Oracle Corp. v. Click-to-Call Technologies LP

Addressing the evidentiary threshold to show diligence in constructive or actual reduction to practice between the date of a prior art reference and the date the invention was reduced to practice, the U.S. Patent and Trademark Office Patent Trial and Appeal Board (PTAB) rejected a patent owner’s attempt to antedate prior art, finding that in order to show diligence the patent owner must explain in detail the activities that occurred during the critical period, and that even a short period of inactivity may be sufficient to defeat a claim of diligence.  Oracle Corp. v. Click-to-Call Technologies LP, Case No. IPR2013-00312 (PTAB, Oct. 28, 2014) (Zecher, APJ).

Patent owner Click-to-Call (CTC) owned a patent directed to establishing anonymous telephone communications.  After the petitioner was accused of infringing the CTC patent, it filed a petition for inter partes review arguing that the claims of the patent were anticipated or obvious in view of a prior art patent (Dezonno).  In response, the patent owner did not argue against the asserted anticipation and obviousness contentions.  Rather, the patent owner attempted to show a date of invention before the effective date of the Dezonno prior art.  However, the PTAB found that the patent owner was not diligent in reducing the invention to practice between a time immediately before Dezonno’s earliest effective filing date and the date CTC’s invention was either constructively or actually reduced to practice.

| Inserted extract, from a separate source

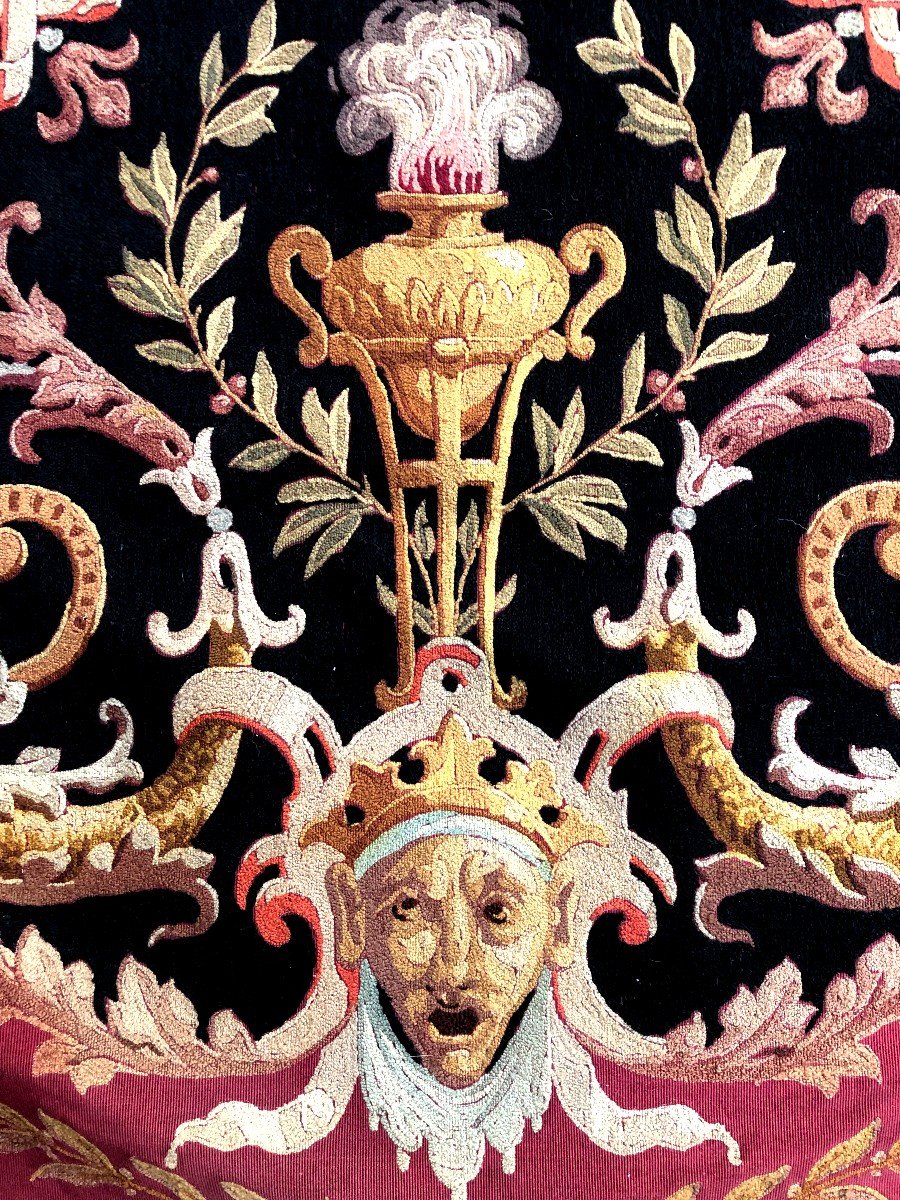 Textile Tapestry Trim Armchair XIXth Century Griffin Head Ducal Crown-photo-3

For patent applications filed under the “first to invent” system (i.e., before the effective date of the America Invents Act), a prior art reference dated less than one year before the earliest effective filing date of the patent application may be antedated by showing invention of the claimed technology before the date of the reference, and diligence in reducing the claimed technology to practice between immediately before the date of the reference and the date the claimed technology was reduced to practice.  Reduction to practice may either be constructive (filing a patent application) or actual (building a system that implements the technology).

In the instant case, the PTAB did not reach the issue of whether the inventor of the CTC patent conceived of the invention before Dezonno’s effective date, but rather focused on the issue of diligence towards reduction to practice.  The Dezonno reference issued on April 21, 1995.  CTC showed that a constructive reduction to practice of its claim invention occurred on the filing of its patent application on August 9, 1995, and that an actual reduction to practice occurred on August 15, 1995, i.e., when a system implementing the invention was built.  Thus, in connection with its diligence proofs, the patent owner needed to show either diligence in preparing the patent application from a time immediately before April 21, 1995, up to August 9, 1995, or diligence in building the system implementing the invention from a time between immediately before April 21, 1995, up to August 15, 1995.

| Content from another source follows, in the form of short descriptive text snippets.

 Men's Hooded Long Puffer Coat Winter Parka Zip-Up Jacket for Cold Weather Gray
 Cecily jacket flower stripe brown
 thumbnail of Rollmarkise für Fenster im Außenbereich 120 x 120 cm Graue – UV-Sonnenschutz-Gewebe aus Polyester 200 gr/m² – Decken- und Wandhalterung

Regarding constructive reduction to practice, the patent lawyer who drafted the application testified that he prepared a draft of the patent application leading to the patent just prior to April 21, 1995, and personally revised this draft between April 21 and May 9, 1995.  The inventor testified that between May 9, 1995, and July 17, 1995, he “continued to make progress on the preparation of my patent application.”  The PTAB found that the testimony of the two individuals did not demonstrate diligence because there was no evidence of what work was performed between May 9, 1995, and July 17, 1995.  The PTAB noted that more specific details concerning the work that was done during these dates would be necessary to support a finding of diligence.

Regarding diligence in actual reduction to practice, the inventor testified that he worked with three software developers—ICS, ProDesign and SofTel—in reducing the patented technology to practice.  However, the PTAB found that neither the inventor nor any of the software developers was diligent between May 15, 1995, and June 15, 1995.  Regarding the inventor’s personal efforts, he testified that between April 20, 1995, and August 15, 1995, he worked 12 hours a day, seven days a week, to diligently reduce the technology to practice.  However, the PTAB found that the inventor did not provide any details as to what he did, and only stated a legal conclusion.

Regarding the work of ICS, the inventor’s company showed that it had made payments to ICS on May 15, 1995, and on July 1, 1995.  However, there was no testimony about the work actually performed during this time.  Thus, the PTAB found that there was insufficient evidence to satisfy the diligence requirement between May 15, 1995, and July 1, 1995.

The work of the two other vendors, ProDesign and SofTel, started too late in time to help the patent owner establish activities during the diligence period.